Klimawandel: Wenig Niederschlag und starker Wind haben der Pasterze im letzten Winter zugesetzt.

Wenig Niederschlag und starker Wind haben der Pasterze im letzten Winter zugesetzt.

(Foto: Jochen Tack/imago images)

Die Gletscherzunge der Pasterze könnte noch in diesem Sommer abreißen. Dadurch droht der untere Teil des größten österreichischen Gletschers völlig abzuschmelzen.

Von Lukas Lorber

Dem längsten Gletscher der Ostalpen, der Pasterze, steht offenbar ein schicksalhafter Sommer bevor. Der untere Teil des größten österreichischen Gletschers ist nur noch über einen sehr dünnen Eisstreifen mit dem oberen verbunden, sagte die Glaziologin Andrea Fischer von der Österreichischen Akademie der Wissenschaften kürzlich im ORF. Dieser dünne Streifen liege auf sehr dunklem Fels auf, der von der Sonne erwärmt wird. Sollte er in diesem Sommer schmelzen, würde der Gletscher zweigeteilt, der Eisnachschub für den unteren Teil wäre dadurch unterbrochen.
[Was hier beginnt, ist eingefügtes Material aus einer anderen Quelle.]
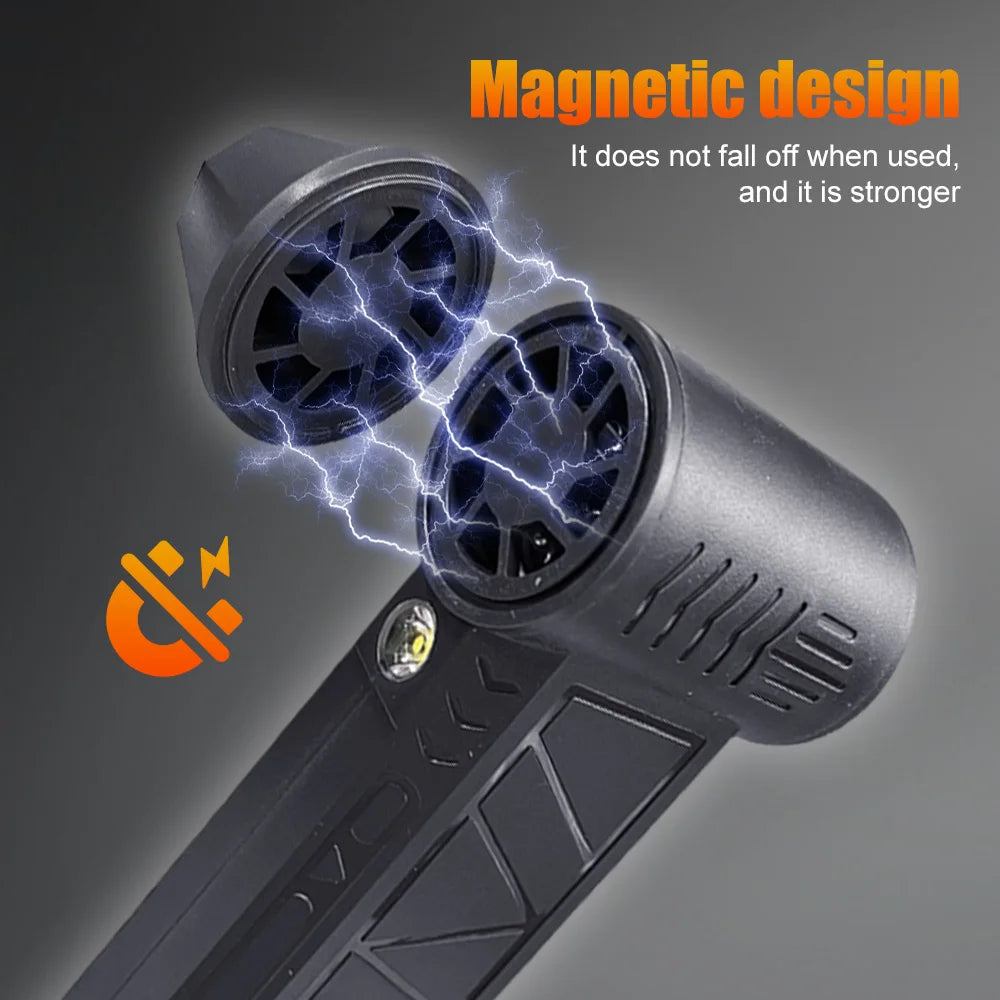 Caer Mini Turbo Jet Fan Electric Air Duster with 1&3 Gear Adjustable Speed 130000RPM 52m/s Car Computer Cleaning Blower Tool Kit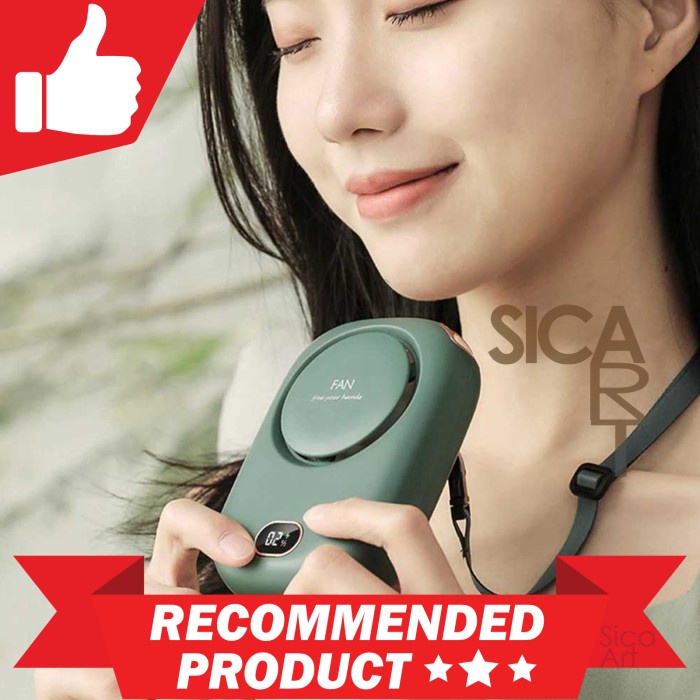TERMURAH Portable Premium Mini Neck Fan - Kipas Angin Gantung Leher Kalung /KIPAS ANGIN MINI/KIPAS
Die Folge wäre, dass die Gletscherzunge in den nächsten zehn bis 20 Jahren abschmilzt, so Fischer.

Das zurückliegende Winterhalbjahr war ungewöhnlich, schreiben Andrea Fischer und Hans Wiesenegger, Leiter des Hydrographischen Dienstes des Landes Salzburg, in ihrem "Gletschertagebuch". Der Oktober war sehr trocken und der erste nennenswerte Niederschlag kam erst Ende November. Der trockene Schnee, der gefallen ist, konnte sich jedoch nicht mit dem Untergrund verbinden.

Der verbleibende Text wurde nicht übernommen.